- Try it -
When the line with "La presentación del" comes up, set it down and every later line to the end of the data, exactly and without pictures.

- Data -
▼▼▼
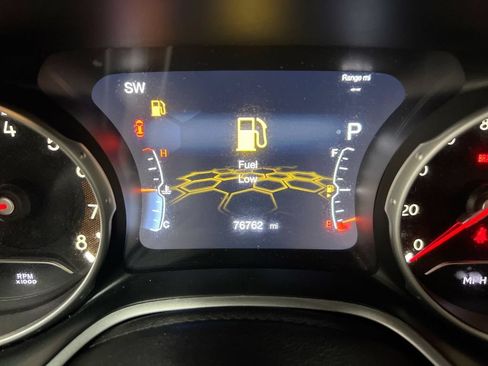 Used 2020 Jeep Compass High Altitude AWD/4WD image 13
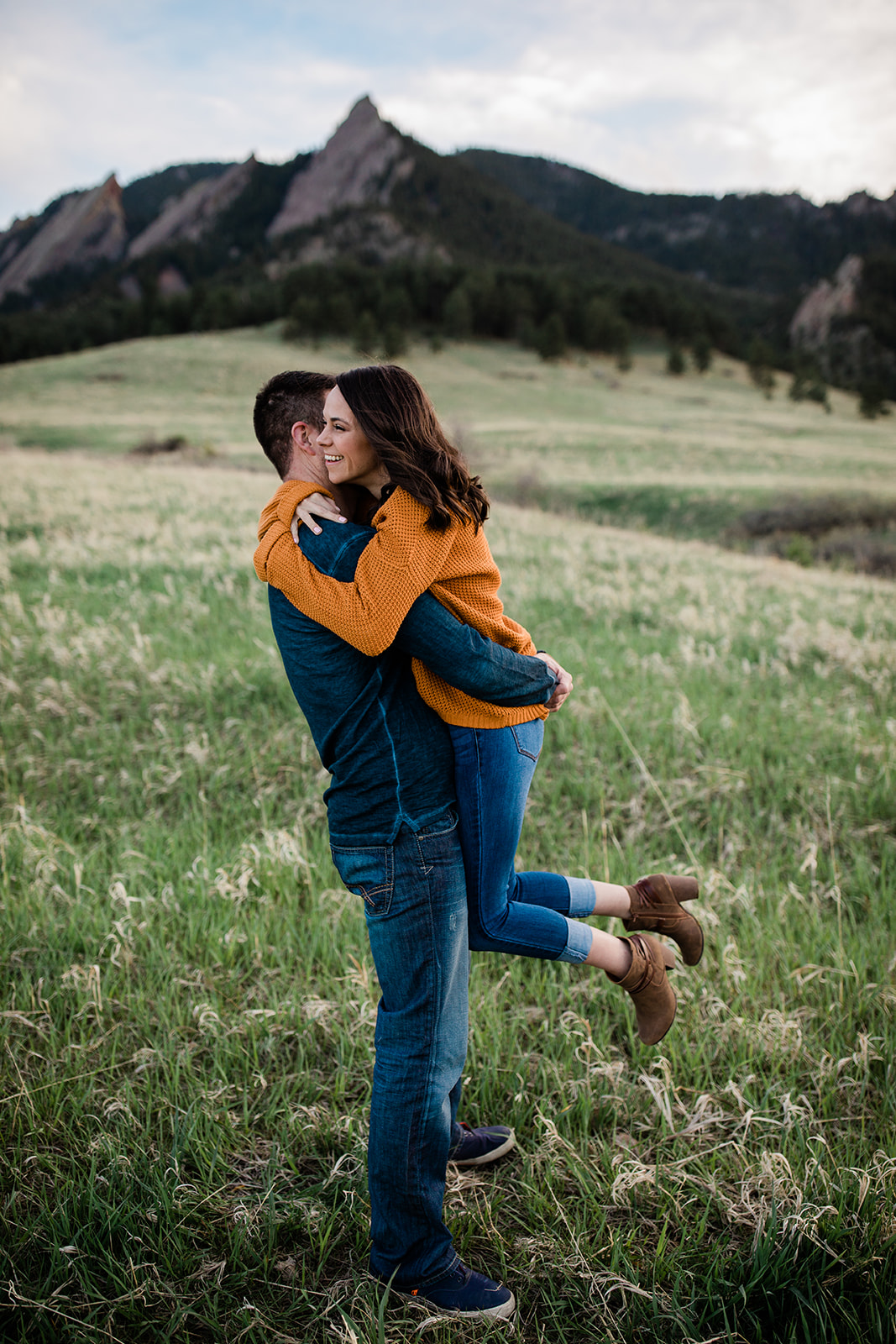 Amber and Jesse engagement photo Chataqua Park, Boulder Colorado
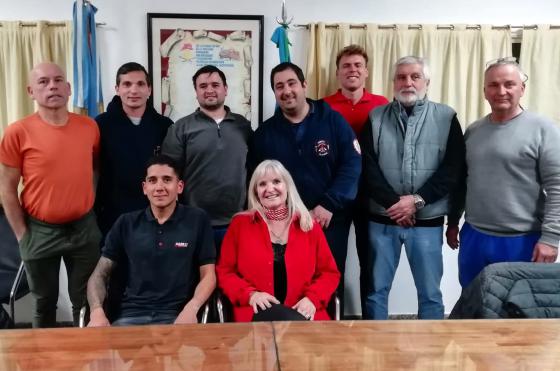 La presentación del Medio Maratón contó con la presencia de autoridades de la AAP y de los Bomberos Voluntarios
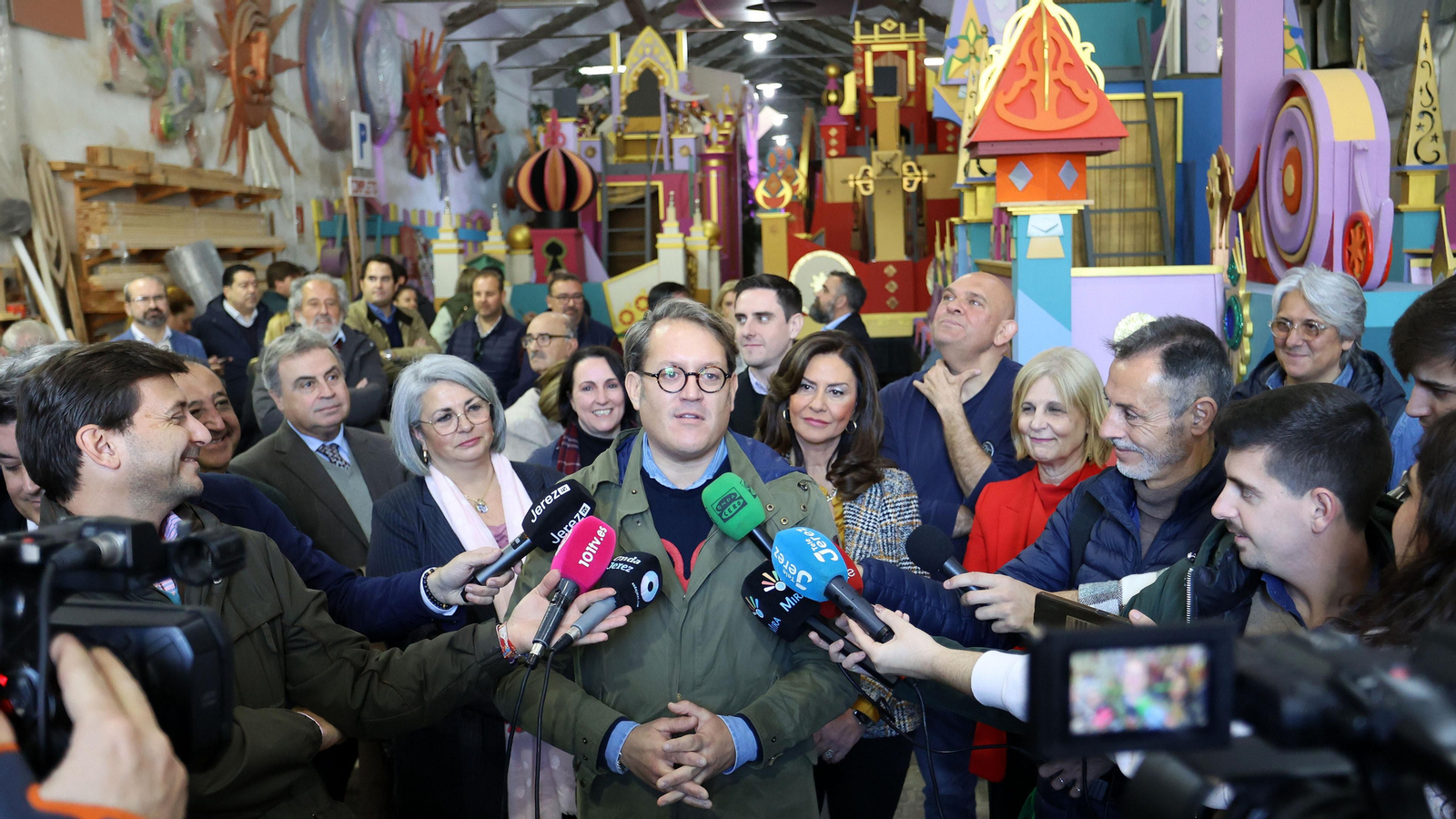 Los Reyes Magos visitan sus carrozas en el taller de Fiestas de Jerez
▲▲▲
- Worked solution -
 La presentación del Medio Maratón contó con la presencia de autoridades de la AAP y de los Bomberos Voluntarios
 Los Reyes Magos visitan sus carrozas en el taller de Fiestas de Jerez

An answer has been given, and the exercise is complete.